AMA Adopts New Policies Expanding Access to Palliative Care

The American Medical Association encourages physicians to offer palliative care, regardless of prognosis
We see a close-up view of a medical professional's hand giving an injection into the abdomen area of a baby.

New policies advocate for palliative care, at any age

The American Medical Association (AMA)’s House of Delegates has recently adopted new policies outlining physicians’ ethical obligations to provide or seek “optimal palliative care” for patients with serious illnesses. The most notable of several changes is that guidelines will now include a much broader range of people who need symptom relief, including those who don’t have a terminal illness or individuals on the precipice of death.  

The American Medical Association Purvue

The AMA is the largest association of physicians and medical students in the United States. Their mission is to promote the art and science of medicine, maintain codes of medical ethics, and improve public health. They most visibly do this by representing physicians in legislative and court bodies, but they also publish the Journal of the American Medical Association (JAMA), a publication often relied upon for medical guidance. In this way they help shape how many doctors practice medicine across the nation. 

The AMA’s House of Delegates (HOD) – consisting of those who convened to vote upon and establish these new policies – is the principal policymaking body of the AMA. Functioning much like a Congress, the AMA HOD is made up of representatives from state medical societies and national speciality societies, who advocate for resolutions and reports on a variety of issues relating to their fields. 

The New Palliative Care Policies

According to the article released by the AMA, the new policy will be incorporated into the AMA Code of Medical Ethics, one of the most comprehensive ethics guides available for physicians to use as reference. 

“Physicians have clinical ethical responsibilities to address the pain and suffering occasioned by illness and injury and to respect their patients as whole persons,” says one of the new policies adopted at the latest AMA Interim Meeting. “These duties require physicians to assure the provision of effective palliative care whenever a patient is experiencing serious, chronic, complex or critical illness, regardless of prognosis,” [emphasis ours].

A male nurse in navy blue scrubs holds the hands of a young patient who is in a wheelchair

The new policies also adjusted the definition of palliative care to read as: “sound medical treatment that includes the comprehensive management and coordination of care for pain and other distressing symptoms including physical, psychological, intellectual, social, spiritual and existential distress from serious illness.” The policy further notes that “palliative care is widely acknowledged to be appropriate for patients who are close to death, but persons who have chronic, progressive, or eventually fatal illnesses often have symptoms and experience suffering early in the disease course.”

“The clinical ethical responsibilities to address symptoms and suffering may therefore sometimes entail a need for palliative care before the terminal phase of the disease.” 

Why This Matters

As one of the trusted authorities doctors turn to when deliberating about a patient’s treatment course, the AMA holds massive sway in terms of what kind of care patients receive. They also wield formidable lobbying power across the nation, shaping healthcare policy and influencing legislation. So, by passing this change in official policy, the AMA is hoping to expand access to palliative care in terms of who receives it, and when. Instead of being offered as a last resort when people are actively dying, they are advocating that it be offered alongside treatments and management of symptoms, even for those whose prognosis isn’t terminal. 

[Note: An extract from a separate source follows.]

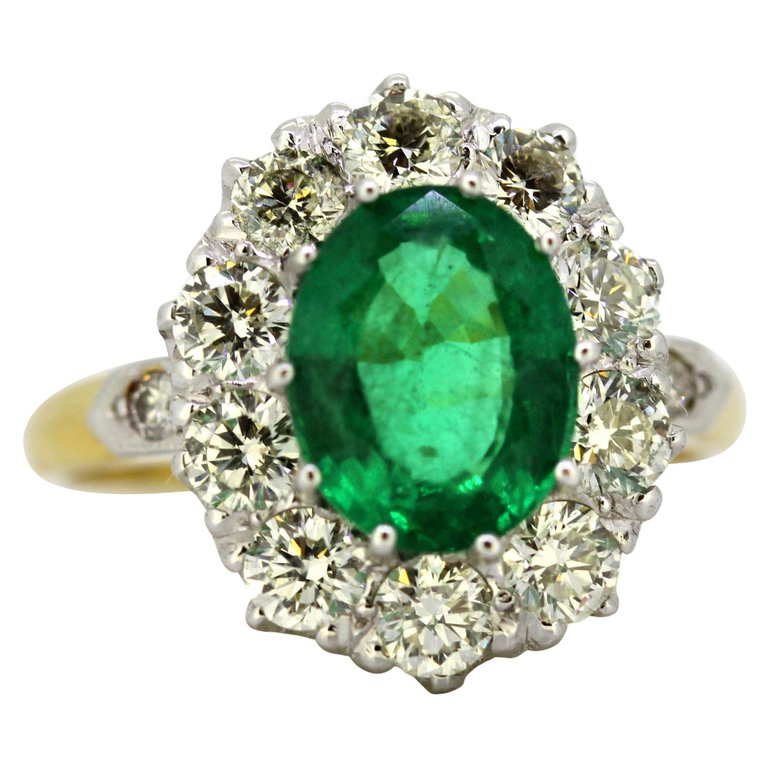 Vintage Emerald and Diamond Cluster Ring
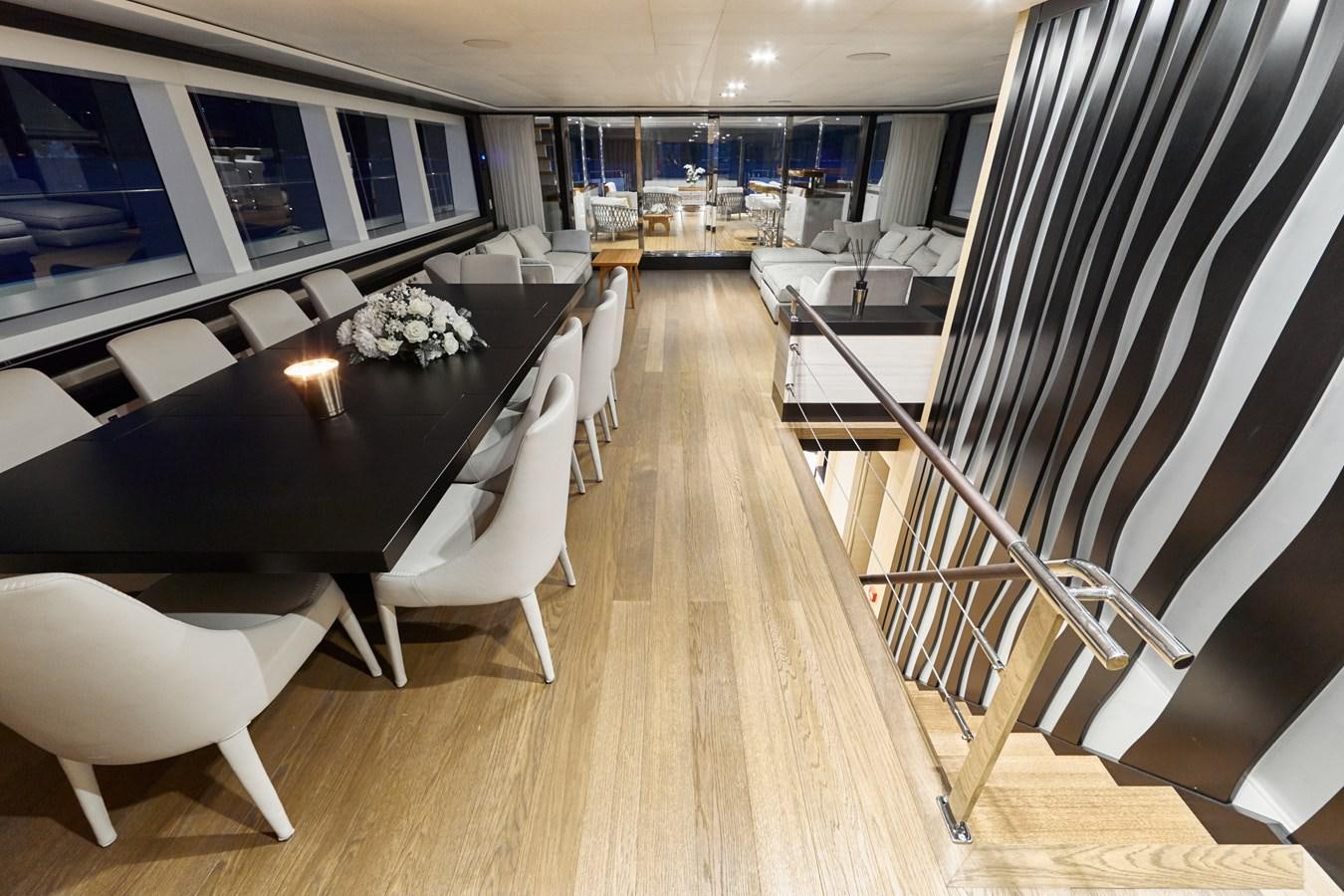 a room with a table chairs and a staircase aboard NORTH STAR Yacht for Sale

As things stand currently, research shows that early integration of supportive and palliative care is woefully underused. For example, a recent study found that many patients with advanced cancer diagnoses received aggressive cancer care within six months of their death; treatment that came at the expense of palliative and hospice care. The study further found that only a quarter of patients received any palliative care, and when it did come, it was usually provided in the month they died. 

If palliative care is difficult to access by those who are actively dying from advanced disease, imagine how difficult it must be for people who suffer chronic illness but aren’t anywhere near death. Hopefully, these new policies will find their way into popular discourse, and effect some change for the better.